On rencontre de par la France, tout élu de terrain le sait, des situations de pauvreté qui sont inextricables, dont il est difficile de sortir : quand se conjuguent plusieurs facteurs pas forcément liés au chômage comme la maladie, le handicap, l’isolement, des revenus modestes, et parfois la pudeur et la honte. Des situations qui se heurtent aux carcans et normes rigides de l’administration. Cette forme de pauvreté ne peut être stigmatisée, elle relève plutôt de la cohésion et de la solidarité nationales.

 

Qu’il y ait une pauvreté « factice » que couvrent les différentes aides sociales est sans nul doute une réalité.
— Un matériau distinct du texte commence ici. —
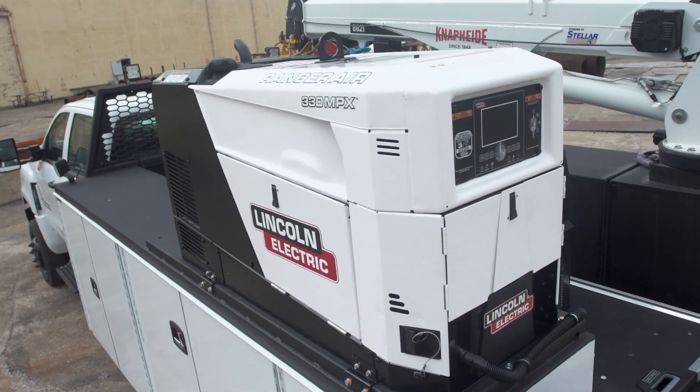Hi, I'm Kristina Yamaguchi, Commercial Product Manager with Lincoln Electric. We are here today to talk about our newest addition to our engine drive lineup, the Ranger Air 330 MPX.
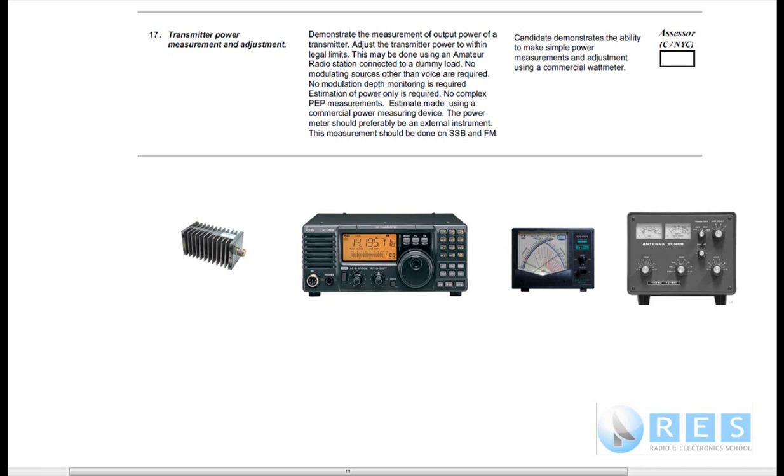The estimate is made using a commercial power measuring device. The power meter should preferably be an external instrument. This measurement should be done on single sideband and frequency modulation. The performance criteria states the candidate demonstrates the ability to make simple power measurements and adjustment using a commercial watt meter.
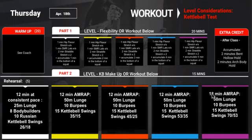The level consideration we'll use today is your kettlebell test. So whatever color you got on your kettlebell test, that's the color you're going to choose here today. So the 12-minute AMRAP has a 50-meter lunge — bodyweight, no weight — 10 burpees, followed by 15 kettlebell swings overhead.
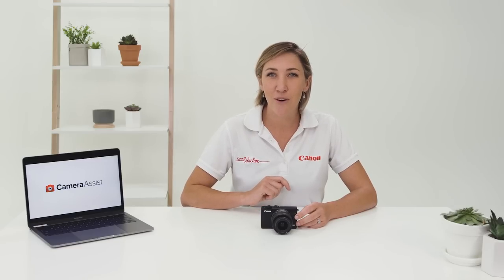The M100 is an easy to use mirrorless camera, perfect for those that are wanting to step up from their smartphone or compact camera. If you haven't already seen it, make sure you check out the first video in the series where I spoke through some of the more basic features of the camera. But in this video, I'm going to talk through some of the more advanced features to really help you get the most out of your new camera.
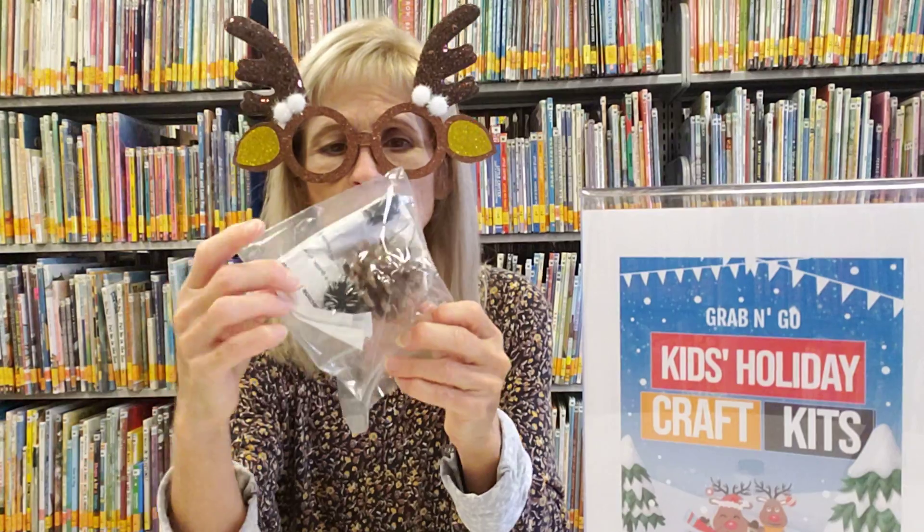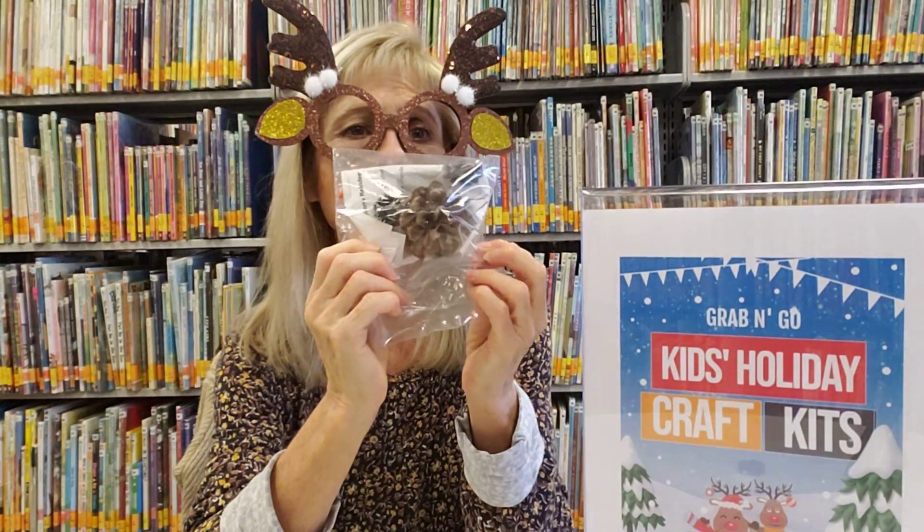Hello Crafty Friends! It's Wednesday again. It's Miss Patty coming at you from the Lincoln Public Library, and I've got the weekly craft instruction for you. Out in our lobby, while they last, this week we've got some cool little reindeer ornaments that you can make out of a pine cone.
Il ne faut pas se voiler la face. Derrière elle, se réfugient d’aucuns qui, biaisant les fondements du civisme et l’esprit de responsabilité, ont identifié des stratégies qui leur permettent de vivre sans les revenus du travail. Mais c’est là aussi la conséquence d’une société qui a établi ses fondements sur la finance et véhicule des images de profit et de réussite faciles ne donnant plus au travail sa valeur fondamentale. Et puis il y a la pauvreté liée à la faillite de l’éducation. Celle-ci est sans doute la plus grave car de nature endémique. Comment se met-elle en place ? Il y a bien sûr la fin de la transmission familiale en matière de ce que l’on pourrait appeler « d’économie familiale ». Gérer un budget, sélectionner des achats dans la perspective du meilleur rapport-qualité prix…autant de compétences qui  ne relèvent plus des principes de l’éducation familiale mais qui ont cédé le pas au conditionnement de la publicité émanant d’une économie de la consommation. Là où très souvent le futile apparaît nécessaire, le prétendu bon marché à long terme coûteux.

 

On le mesure, la réponse à la pauvreté est une affaire de politique générale qui, tout en accompagnant les plus démunis, doit surtout mettre en œuvre un système équitable qui va permettre aux personnes socialement fragiles de s’émanciper et de progresser dans l’échelle sociale à partir d’un projet personnalisé. Cela suppose en premier lieu de permettre  à tout un chacun d’accéder à un travail, de quelque type qu’il soit. Et surtout, en amont, de faire de l’éducation et plus particulièrement de la formation professionnelle les pièces maîtresses d’un édifice social nouveau. Il doit  substituer au principe d’un système pensé égalitariste par le recours permanent aux aides sociales, un autre fondé lui sur l’idée de l’égalité des chances.